Wednesday September 20th 2000

And now, Celebrity Ansaphone Messages. This week: Jamie Theakston:

“Hi, this is Jamie. I’m not in right now, but whatever it is, I’ll do it. BEEP.”

Maybe I should just watch less TV. Clearly it’s getting to me. Mr Theakston seems to be on everything. Except the phenomenally successful Big Brother. Which reminds me of “The Living Soap” palaver of yesteryear.

“The Living Soap”, unlike Big Brother, was not at all successful. In fact, it was an unmitigated disaster, meeting a new pitfall every week. Which made it all the more interesting to watch. It appeared on BBC2 in the early 90s and was inspired by the success of the US show “The Real World”, where a houseful of young people would be filmed as they went about their lives, and the results were broadcast weekly to the nation.

But for reasons presumably to do with national differences in character, innate exhibitionism and attitudes towards being on TV between Americans and the British (see also Jerry Springer), The Living Soap proved somewhat more short-lived than its US counterpart. In America, everyone is on TV, indeed prefers to discuss their life-changing marital disputes on air, and no one bats an eyelid when a camera crew follows someone in a supermarket. In Britain, we have a much more complicated attitude to television and the art of being on it. We are both resentful of other people being more famous than us, while obsessed with celebrity gossip and still secretly dying to be on TV ourselves, if only to shout “hello mum” (and nothing else… no TV-as-confessional fans, us). If the events shown on a docusoap have already happened sometime ago, (as in “Paddington Green, “Airport” etc), things tend to be straightforward; reality stays fairly real. If it’s ongoing, though, and not sealed hermetically from the outside world like Big Brother, disaster is guaranteed.

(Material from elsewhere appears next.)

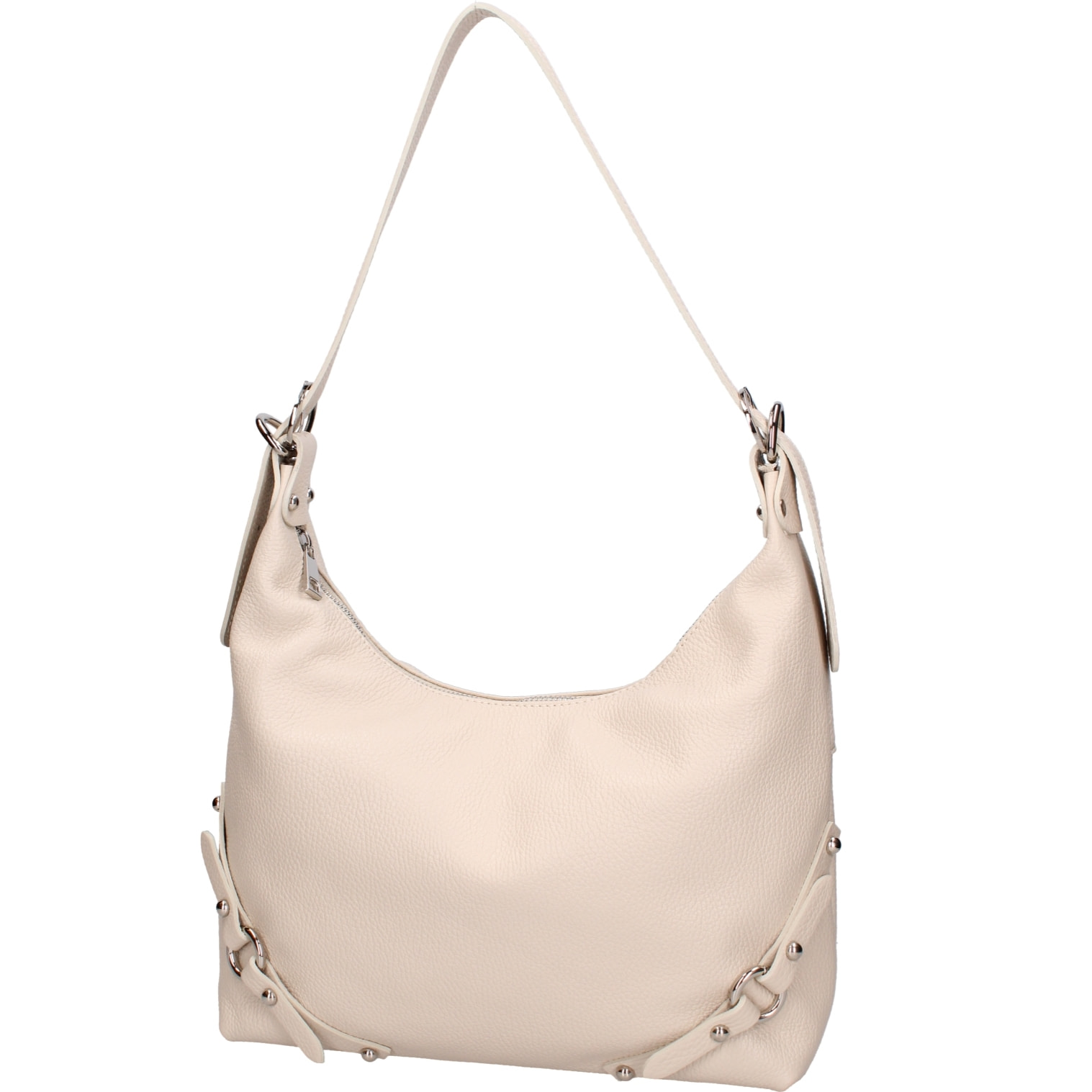 Borsa a spalla da donna In Vera pelle Made in Italy 30x30x9 cm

So once the first edition of The Living Soap’s Manchester house full of first-year students appeared on the box, the occupants’ “real world” was turned into a farcical contrivance of reality. People did turn a hair when a housemate and their attendant camera crew walked into their local pub. The house’s location was quickly discovered and besieged: a brick thrown through a window proved particularly memorable. One of the show’s “stars”, an Asian girl called Spider, thought that the missile was a racist attack on herself. That might have been true, but no less likely was the possible reason that, thanks to the programme’s mercilessly edited portrayal of her, everyone in the country thought she was a bit thick.

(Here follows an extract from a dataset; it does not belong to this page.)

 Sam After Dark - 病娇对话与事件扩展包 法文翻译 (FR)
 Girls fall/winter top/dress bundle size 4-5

In fact, all the students quickly became aware that the country saw them as self-deluding, naive stereotypes (it’s difficult to be a teenage student on TV and not look a naive idiot), and the numbers in the house started to dwindle. The inital lure to a student of living rent-free and poverty-free for a year in exchange for being filmed had lost its appeal. Even starvation and homelessness seemed more attractive than being on TV, if it had to be on such terms. Dan, the “Nasty Nick” of the house, was a wily and charismatic middle-class Tory boy who saw what was happening, and got out fast. His place was taken by Colin, a camp opportunist who knew exactly what was going on, and allegedly signed secret sponsorship deals with various firms to product-place their pizzas or trainers to the cameras as much as possible. Previously the show had been no fun for the housemates, but great TV for the rest of us. Once Colin moved in, it just wasn’t fun for the viewer either. The jig was up. The housemates moved out, few wanted to move in, the series spluttered and died months ahead of its intended one-year time span, finally reduced to a couple of late-night “highlight” specials narrated by that student nostalgia icon, Brian Cant.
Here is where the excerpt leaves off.